Authors: Heng Zhang, Zhidong Ke, Kevin Terusaki, Yifeng Liu, Lucas Ung, Utsavi Benani

Introduction

We’ve written before about how we built an engagement activity platform to automatically capture and store user engagement activities and about the steps we took to greatly improve our pipeline stability by eliminating Conflicting Commits errors and maintaining data integrity. The type of activities we store are customer activities such as viewing a presentation or webinar or clicking on an email. The important thing for us to note is that an engagement is mutable. For example, a lead L could become a contact C with a new ID, and all engagements that belong L should be updated with the new ID of C. Therefore, our data lake of engagements is a mutable one.

Pipeline Design

The discussion in this blog post will focus on two pipelines: one is engagement ingestion, and the other is engagement mutation. Engagement Ingestion is a batch job to ingest Engagement records from Kafka and store them to Engagement Table. Engagement Mutation is the other batch job to handle mutation requests. One mutation request could lead to changes to multiple engagements.

Engagement Table Schema

All engagements belong to an organization, which is indicated in the column “OrgId” in the table below. Each engagement has a time and is rounded into a date indicated in the column “EngaementDate”. “Engagement” column is a struct type containing the detailed fields. The table is partitioned by OrgId and EngagementDate, which means data files are in an S3 key of {orgId}/{EngagementDate}/{file_name}.parquet

Mutation Request Schema

OrgId and EngagementDate indicate what partitions to change. MutationOperation could be DELETE (delete engagement) or CONVERT (e.g. change all engagements of a contact to a lead ). A mutation request could be translated to a delete, update, or insert operation to multiple engagements in the Engagement table.

Goal

Our goal is to handle 10 million mutation requests on the Engagement table within an hour.

First Iteration: Partition Pruning

In the first iteration, the design of Engagement table inherits the thinking of building a data lake on a file system (S3). The design relies on file-based partitioning by having one subdirectory for every distinct value of the partition column. In our case, Engagement table is partitioned by OrgId and EngagementDate. Queries on the table operate on relevant partitions by the partitioning columns, namely partitioning pruning.

With this design, our mutation Spark job took more than 8 hours to handle 200k mutations in a batch, which is far from our expectation. We determined that the poor performance was due to too many small files. Thanks to DeltaLog DataFrame, we were able to examine the details of the data file layout of Engagement table.
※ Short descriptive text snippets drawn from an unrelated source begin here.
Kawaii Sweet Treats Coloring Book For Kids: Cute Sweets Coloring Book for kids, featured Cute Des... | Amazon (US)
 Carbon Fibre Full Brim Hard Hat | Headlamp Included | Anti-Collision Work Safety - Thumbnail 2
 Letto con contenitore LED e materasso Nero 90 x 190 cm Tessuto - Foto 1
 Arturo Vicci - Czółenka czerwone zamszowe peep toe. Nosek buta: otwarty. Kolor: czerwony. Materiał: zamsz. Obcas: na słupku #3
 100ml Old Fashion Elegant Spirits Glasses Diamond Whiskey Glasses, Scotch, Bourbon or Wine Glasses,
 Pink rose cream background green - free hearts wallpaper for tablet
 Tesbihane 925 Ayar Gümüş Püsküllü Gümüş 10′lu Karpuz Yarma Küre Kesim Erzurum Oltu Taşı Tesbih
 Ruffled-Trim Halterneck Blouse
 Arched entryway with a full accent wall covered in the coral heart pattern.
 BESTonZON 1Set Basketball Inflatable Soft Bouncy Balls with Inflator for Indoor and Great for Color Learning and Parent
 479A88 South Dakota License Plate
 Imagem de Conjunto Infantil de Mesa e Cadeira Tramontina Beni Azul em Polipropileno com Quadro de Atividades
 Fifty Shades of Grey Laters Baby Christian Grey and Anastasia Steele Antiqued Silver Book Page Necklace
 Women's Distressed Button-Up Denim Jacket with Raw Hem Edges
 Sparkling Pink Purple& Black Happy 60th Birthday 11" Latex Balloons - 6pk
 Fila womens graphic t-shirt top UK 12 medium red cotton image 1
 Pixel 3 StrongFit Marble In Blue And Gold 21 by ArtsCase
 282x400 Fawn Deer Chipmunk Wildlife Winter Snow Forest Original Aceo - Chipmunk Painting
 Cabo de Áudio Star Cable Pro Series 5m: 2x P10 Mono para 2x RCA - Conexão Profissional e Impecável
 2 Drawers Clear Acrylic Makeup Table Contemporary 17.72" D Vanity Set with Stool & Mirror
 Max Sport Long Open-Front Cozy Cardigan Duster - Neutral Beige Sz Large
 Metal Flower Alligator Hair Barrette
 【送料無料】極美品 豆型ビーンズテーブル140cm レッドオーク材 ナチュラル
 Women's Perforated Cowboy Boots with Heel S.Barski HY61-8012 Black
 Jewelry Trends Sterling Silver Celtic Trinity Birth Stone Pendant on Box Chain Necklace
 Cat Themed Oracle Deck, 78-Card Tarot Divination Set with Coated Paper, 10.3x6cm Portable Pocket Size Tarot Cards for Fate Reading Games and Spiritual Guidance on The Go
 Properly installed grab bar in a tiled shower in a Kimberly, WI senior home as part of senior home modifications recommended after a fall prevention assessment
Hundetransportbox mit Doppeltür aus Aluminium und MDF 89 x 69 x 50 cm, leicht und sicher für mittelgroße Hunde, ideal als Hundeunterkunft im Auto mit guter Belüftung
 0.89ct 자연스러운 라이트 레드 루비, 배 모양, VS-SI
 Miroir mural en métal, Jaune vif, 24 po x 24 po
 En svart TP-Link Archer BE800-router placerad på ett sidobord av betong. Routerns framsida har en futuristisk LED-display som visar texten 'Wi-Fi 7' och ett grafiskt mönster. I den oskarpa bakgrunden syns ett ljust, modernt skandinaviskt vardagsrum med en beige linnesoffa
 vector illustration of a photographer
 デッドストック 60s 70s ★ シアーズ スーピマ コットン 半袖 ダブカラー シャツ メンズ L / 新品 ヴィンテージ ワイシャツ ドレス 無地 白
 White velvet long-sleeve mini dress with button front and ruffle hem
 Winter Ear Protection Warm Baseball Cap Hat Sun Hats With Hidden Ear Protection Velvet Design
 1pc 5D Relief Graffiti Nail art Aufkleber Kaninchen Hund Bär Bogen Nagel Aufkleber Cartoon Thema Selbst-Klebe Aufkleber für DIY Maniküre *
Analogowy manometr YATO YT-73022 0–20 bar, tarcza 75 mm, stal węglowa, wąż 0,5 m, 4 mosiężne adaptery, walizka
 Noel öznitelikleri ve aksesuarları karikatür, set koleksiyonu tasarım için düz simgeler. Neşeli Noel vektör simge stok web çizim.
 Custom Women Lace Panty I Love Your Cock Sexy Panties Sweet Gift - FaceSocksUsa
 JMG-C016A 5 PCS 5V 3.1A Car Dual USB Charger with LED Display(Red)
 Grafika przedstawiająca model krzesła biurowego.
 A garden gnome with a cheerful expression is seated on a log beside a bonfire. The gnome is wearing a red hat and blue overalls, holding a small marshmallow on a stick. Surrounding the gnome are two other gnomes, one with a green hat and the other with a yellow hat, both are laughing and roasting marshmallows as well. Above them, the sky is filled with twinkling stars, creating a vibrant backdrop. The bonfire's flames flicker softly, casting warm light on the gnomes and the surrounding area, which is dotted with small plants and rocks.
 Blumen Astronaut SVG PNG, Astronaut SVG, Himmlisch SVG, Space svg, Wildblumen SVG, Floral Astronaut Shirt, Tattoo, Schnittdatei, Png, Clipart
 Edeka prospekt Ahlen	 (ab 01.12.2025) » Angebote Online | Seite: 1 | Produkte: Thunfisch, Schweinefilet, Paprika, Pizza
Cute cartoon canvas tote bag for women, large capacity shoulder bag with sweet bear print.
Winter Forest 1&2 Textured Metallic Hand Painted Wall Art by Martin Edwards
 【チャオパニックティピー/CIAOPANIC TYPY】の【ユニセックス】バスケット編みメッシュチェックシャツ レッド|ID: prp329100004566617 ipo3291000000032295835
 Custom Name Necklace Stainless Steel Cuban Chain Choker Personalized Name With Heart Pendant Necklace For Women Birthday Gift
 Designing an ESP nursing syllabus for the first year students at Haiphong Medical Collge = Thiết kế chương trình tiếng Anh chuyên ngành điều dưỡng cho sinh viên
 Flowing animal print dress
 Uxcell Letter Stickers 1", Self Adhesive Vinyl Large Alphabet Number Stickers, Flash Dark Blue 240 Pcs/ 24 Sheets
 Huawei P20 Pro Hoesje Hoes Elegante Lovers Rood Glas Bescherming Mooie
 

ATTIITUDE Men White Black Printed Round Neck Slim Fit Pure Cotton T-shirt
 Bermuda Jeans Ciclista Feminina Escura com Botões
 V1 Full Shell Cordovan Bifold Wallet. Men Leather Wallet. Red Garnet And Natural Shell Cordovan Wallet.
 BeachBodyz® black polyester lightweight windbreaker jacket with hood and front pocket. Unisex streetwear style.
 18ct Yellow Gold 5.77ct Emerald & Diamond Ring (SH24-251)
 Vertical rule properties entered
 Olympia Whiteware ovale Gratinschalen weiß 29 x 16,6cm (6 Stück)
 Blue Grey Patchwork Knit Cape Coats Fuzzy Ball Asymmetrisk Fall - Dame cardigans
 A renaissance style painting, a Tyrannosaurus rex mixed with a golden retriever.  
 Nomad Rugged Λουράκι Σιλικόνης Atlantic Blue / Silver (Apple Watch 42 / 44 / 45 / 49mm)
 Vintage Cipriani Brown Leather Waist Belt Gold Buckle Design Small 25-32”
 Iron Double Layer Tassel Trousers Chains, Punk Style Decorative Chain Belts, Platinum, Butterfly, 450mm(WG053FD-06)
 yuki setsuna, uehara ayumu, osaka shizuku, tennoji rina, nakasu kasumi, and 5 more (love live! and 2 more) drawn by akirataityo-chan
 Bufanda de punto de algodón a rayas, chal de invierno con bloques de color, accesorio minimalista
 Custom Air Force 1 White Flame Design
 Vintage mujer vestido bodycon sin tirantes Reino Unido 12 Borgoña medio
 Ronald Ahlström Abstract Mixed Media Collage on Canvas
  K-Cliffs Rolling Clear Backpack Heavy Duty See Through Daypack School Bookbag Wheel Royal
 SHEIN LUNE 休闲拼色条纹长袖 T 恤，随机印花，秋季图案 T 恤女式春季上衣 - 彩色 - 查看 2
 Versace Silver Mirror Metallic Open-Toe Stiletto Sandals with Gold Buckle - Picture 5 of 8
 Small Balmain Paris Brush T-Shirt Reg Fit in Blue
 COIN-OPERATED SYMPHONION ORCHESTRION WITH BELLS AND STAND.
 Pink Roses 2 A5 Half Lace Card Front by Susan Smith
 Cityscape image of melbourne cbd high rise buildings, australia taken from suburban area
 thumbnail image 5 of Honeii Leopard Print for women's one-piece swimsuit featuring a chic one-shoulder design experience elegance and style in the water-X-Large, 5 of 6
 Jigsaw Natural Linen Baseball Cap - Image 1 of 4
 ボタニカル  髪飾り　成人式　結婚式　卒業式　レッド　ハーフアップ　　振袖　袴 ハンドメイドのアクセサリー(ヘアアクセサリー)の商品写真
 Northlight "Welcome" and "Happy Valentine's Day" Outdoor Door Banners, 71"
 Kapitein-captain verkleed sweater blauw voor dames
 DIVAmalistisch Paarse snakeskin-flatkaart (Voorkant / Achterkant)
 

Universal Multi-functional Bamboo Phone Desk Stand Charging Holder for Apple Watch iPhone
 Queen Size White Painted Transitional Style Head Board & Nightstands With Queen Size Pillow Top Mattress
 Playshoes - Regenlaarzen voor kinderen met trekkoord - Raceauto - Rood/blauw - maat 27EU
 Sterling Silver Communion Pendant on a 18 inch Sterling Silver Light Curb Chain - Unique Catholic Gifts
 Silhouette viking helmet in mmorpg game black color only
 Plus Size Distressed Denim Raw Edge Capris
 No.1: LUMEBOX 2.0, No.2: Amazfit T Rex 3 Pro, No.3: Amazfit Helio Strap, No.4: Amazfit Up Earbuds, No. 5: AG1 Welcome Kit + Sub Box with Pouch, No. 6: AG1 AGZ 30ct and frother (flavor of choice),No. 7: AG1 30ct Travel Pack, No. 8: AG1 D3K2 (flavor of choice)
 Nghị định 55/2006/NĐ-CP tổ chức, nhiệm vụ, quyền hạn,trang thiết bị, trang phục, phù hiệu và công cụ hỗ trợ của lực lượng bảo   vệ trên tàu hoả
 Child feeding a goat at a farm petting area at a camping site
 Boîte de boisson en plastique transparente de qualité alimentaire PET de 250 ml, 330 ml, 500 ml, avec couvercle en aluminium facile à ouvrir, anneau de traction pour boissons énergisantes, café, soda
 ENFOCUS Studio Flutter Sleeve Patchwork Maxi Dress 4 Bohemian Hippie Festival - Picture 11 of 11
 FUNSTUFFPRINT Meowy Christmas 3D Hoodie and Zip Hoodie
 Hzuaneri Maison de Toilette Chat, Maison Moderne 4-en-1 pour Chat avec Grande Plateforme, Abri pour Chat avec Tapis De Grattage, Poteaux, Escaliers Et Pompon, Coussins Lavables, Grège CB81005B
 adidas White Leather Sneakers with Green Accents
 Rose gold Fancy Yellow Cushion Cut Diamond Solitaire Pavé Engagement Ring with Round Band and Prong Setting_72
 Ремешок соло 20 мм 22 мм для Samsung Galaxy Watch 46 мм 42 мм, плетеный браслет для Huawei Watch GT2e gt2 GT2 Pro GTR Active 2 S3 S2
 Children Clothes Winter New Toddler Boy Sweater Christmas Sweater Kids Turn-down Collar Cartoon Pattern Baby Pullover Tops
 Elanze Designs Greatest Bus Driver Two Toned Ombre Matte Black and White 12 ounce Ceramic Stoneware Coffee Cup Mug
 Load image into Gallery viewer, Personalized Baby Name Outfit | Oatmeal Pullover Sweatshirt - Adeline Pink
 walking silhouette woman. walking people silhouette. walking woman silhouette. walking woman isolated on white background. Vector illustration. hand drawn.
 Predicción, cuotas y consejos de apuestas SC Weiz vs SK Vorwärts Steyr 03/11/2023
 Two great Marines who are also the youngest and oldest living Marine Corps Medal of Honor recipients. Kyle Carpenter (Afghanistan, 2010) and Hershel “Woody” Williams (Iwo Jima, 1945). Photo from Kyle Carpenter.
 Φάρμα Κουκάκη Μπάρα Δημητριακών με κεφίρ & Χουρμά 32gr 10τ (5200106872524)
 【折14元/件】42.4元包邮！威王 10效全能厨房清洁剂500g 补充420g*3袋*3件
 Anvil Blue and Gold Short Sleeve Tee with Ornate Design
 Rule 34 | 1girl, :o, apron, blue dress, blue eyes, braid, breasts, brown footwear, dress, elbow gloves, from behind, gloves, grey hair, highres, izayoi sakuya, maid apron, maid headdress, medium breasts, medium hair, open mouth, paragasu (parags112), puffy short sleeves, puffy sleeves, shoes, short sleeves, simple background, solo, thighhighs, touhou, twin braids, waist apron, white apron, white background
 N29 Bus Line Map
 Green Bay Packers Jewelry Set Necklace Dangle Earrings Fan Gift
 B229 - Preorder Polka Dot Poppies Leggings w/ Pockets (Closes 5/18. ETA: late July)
First, we queried the number of files and their sizes within each partition and found out that up to 200 files could be written within one partition. For example, this partition has 175 files:

and the size of those files is small: around 7KB

In addition, the Engagement table contains more than 4 millions files:

We observed that the mutation job took a long time listing files and writing them back. The driver node also failed with the error of “total size of serialized results is bigger than spark.driver.maxResultSize.” This is because the total size of the listed file metadata sent from executors to driver exceeds the value of spark.driver.maxResultSize.

We took the following actions to resolve the too-many-files issue.

Run OPTIMIZE command on EngagementTable

The OPTIMIZE command compacts small files in the same partition into one file. The compacted file size is decided by the Spark config of maxFileSize (1G by default). After we ran the OPTIMIZE command on Engagement table, the number of files is reduced greatly, from about 4 million to 135K.

Apply Optimize Write and Auto Compaction to Engagement Ingestion and EngagementMutation Job

These two options help to reduce the number of files to be written during write operations. We enable the two in both ingestion and mutation jobs by setting the two configs to true:

spark.databricks.delta.autoOptimize.optimizeWrite true
spark.databricks.delta.optimizeWrite.enabled true

We observe that Optimize Write effectively reduces the number of files written per partition and that Auto Compaction further compacts files if there are multiples by performing a light-weight OPTIMIZE command with maxFileSize of 128MB.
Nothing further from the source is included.